Critique Neuromancien #1 [1985]

Avis critique rédigé par Manu B. le mardi 27 juin 2006 à 06h50

Un chef d'oeuvre !

« Le ciel au-dessus du port était couleur télé calée sur un émetteur hors service. « Faudrait pas m’prendre pour un camé, entendit dire Case tandis qu’il se frayait un passage dans la foule pour gagner la porte du Tchat. C'est juste que mon organisme souffre d'une énorme carence en drogue. » C’était un accent de la Conurb et une vanne de la Conurb. Le tchatsubo était un bar pour expatriés de profession ; vous pouviez y zoner une semaine sans jamais entendre deux mots japonais… »
Henry Case est un ancien cow-boy, hacker à une époque révolue, depuis que sa connexion neurale a été négligemment et irréversiblement « endommagée » par ses anciens patrons alors qu’il était pris la main dans le sac en train de les doubler sur de la marchandise. Depuis, il zone à Chiba, près de Ninsei, au Japon, banlieue sordide où il refourgue le matériel qu’il peut, pour survivre et s’acheter sa came quotidienne. C’est alors que se présentent Armitage et la mystérieuse Molly avec ses yeux miroirs, pour lui proposer une obscure mission, en échange de lui permettre de se plonger à nouveau dans la matrice…
Difficile, inaccessible, nébuleux, brouillon.

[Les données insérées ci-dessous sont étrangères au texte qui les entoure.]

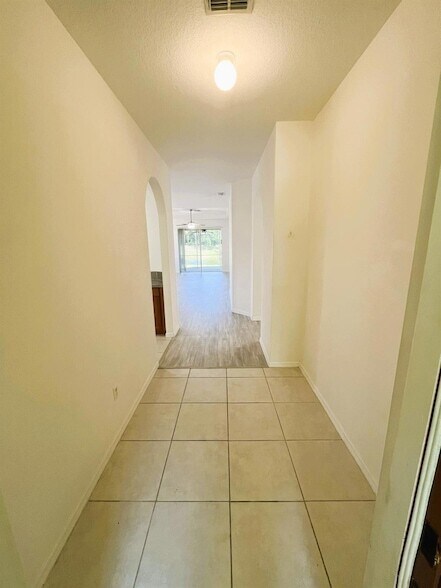Foto del edificio - 10086 SW Chadwick Dr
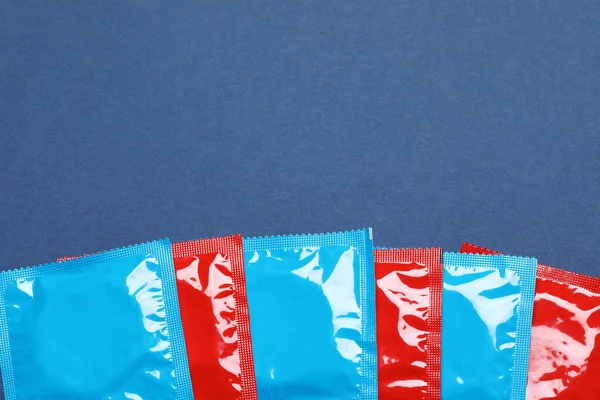 Kondompaket Blå Bakgrund Platt Låg Med Plats För Text Säkert — Stockfoto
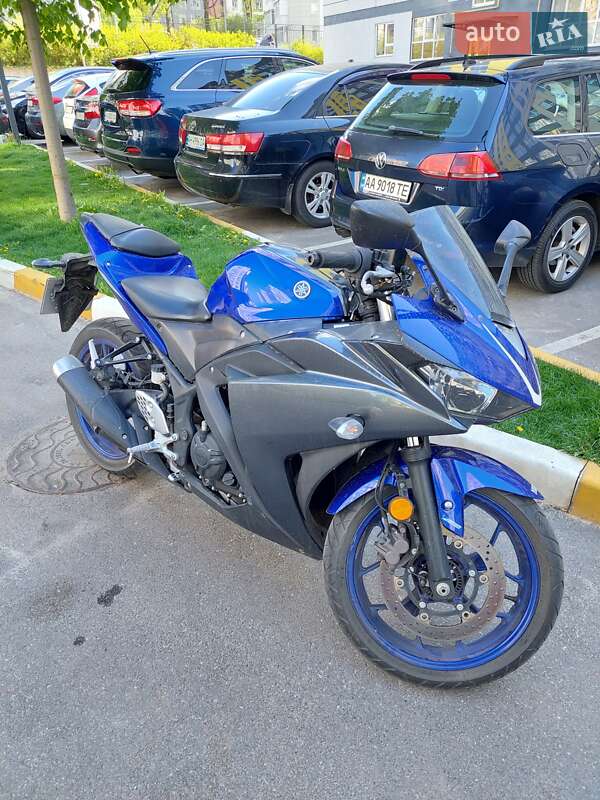 Спортбайк Yamaha YZF-R25 2016 в Киеве фото 2 Спортбайк Yamaha YZF-R25 2016 в Киеве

Beaucoup de qualificatifs sont donnés à ce roman. Et pourtant...
Et pourtant ce n'est qu'à la deuxième lecture que j'ai vraiment apprécié à sa juste valeur ce pur chef-d'oeuvre. Chef d'oeuvre ? Oui. Complètement si l'on prend la peine de relire ce monument et qu'on attribue généralement comme une des romans fondateurs du mouvement cyberpunk.
Il est une chose à savoir avant d'entreprendre sa lecture, c'est que si l'on veut commencer le cyberpunk, ce n'est pas ici qu'il faut s'y aventurer en premier. D'une part le style de William Gibson, et d'autre part l'univers dense et noir en ont fait fuir plus d'un. Préférez la schismatrice de Bruce Sterling ou bien le Cablé de Walter Jon Williams, plus accessibles. Et si vous voulez quand même vous aventurer avec William Gibson, préférez la trilogie du bridge dont le premier volet est Lumière virtuelle. Le style y est plus épuré, le monde moins sombre.

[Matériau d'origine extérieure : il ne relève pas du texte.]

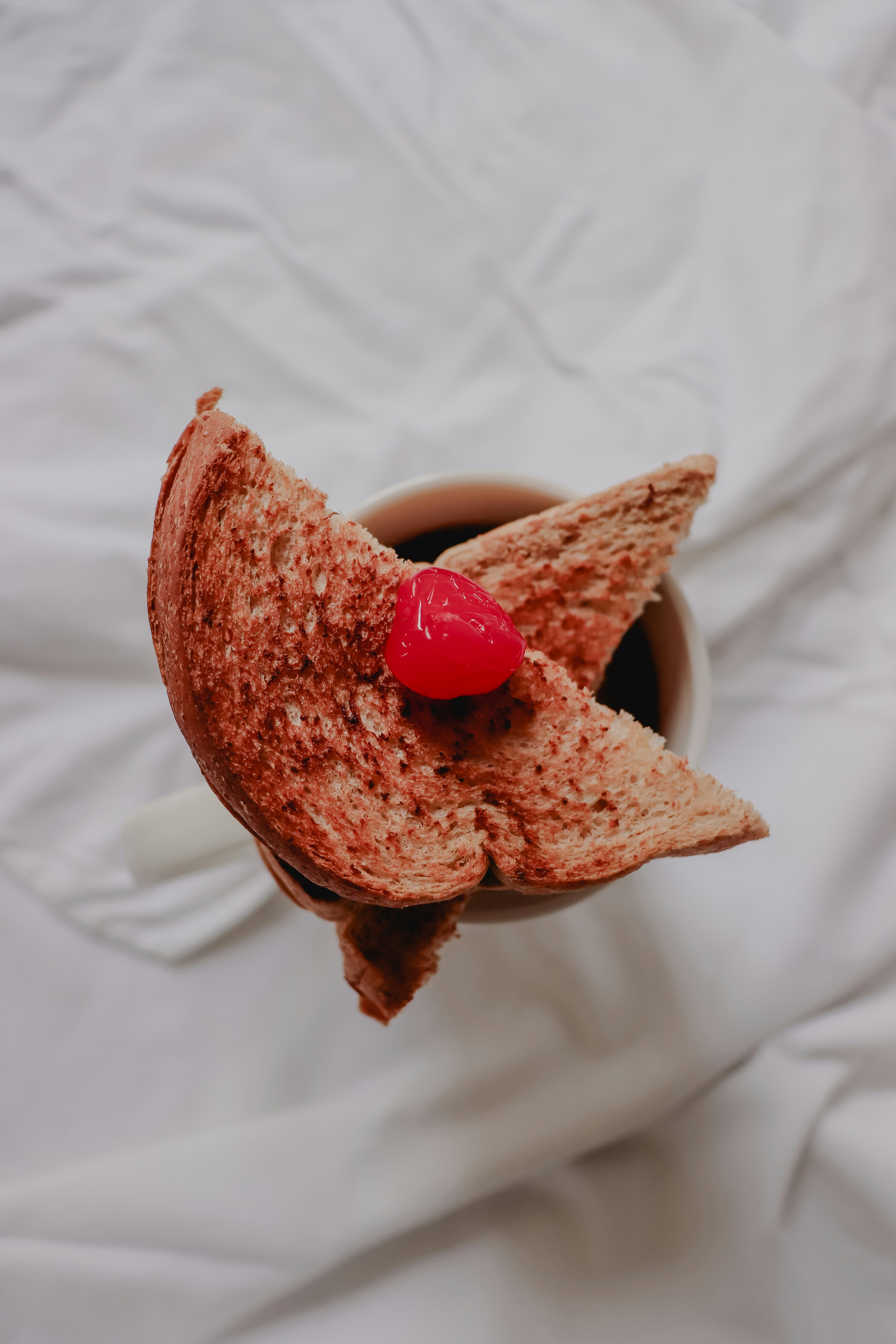 sándwich encima de la taza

Mais revenons à Neuromancien. La difficulté est ce style mais aussi cette multitude de lieux dans lesquels on a vite fait de s'égarer. Henry case parcourt des lieux aussi divers que le Japon, la Conurb, Istanbul ou bien Lumierrante. Et à chaque étape va correspondre un point clé de l'intrigue dans laquelle le héros (disons plutôt anti-héros) est plongé jusqu'au cou. D'abord sur Terre, Chiba au japon, point de départ de ce polar hors normes, puis la Conurb, la mégalopole américaine et Istanbul.
Le style et les lieux. Mais comment ne pas tomber sous le charme d'un style inimitable et imagé:
« l’été dans la Conurb, les foules qui ondulent comme l’herbe couchée par le vent, un champ de chair humaine balayé par des courants soudains de désir et de récompense. »
La Terre est maintenant est un ensemble de lieux à la culture bien caractéristique. Ainsi, le Japon, la Conurb des anciens Etats Unis ou Istambul abritent une quantité non négligeable de personnes en marge. Quoique ce mot soit mal utilisé à partir du moment où c'est le monsieur tout le monde qui devient hors norme. Les rues sont parcourues par de multiples groupes issue de la contre-culture: punks, gothics, Jack Draculas sont partout où la rue est presque devenue un ghetto sur une grande partie de ces mégalopoles gigantesques. Et ces ghettos regorgent d'une faune telle que les hackers, dans ces ruelles sombres ou bien ces bâtiments désaffectés.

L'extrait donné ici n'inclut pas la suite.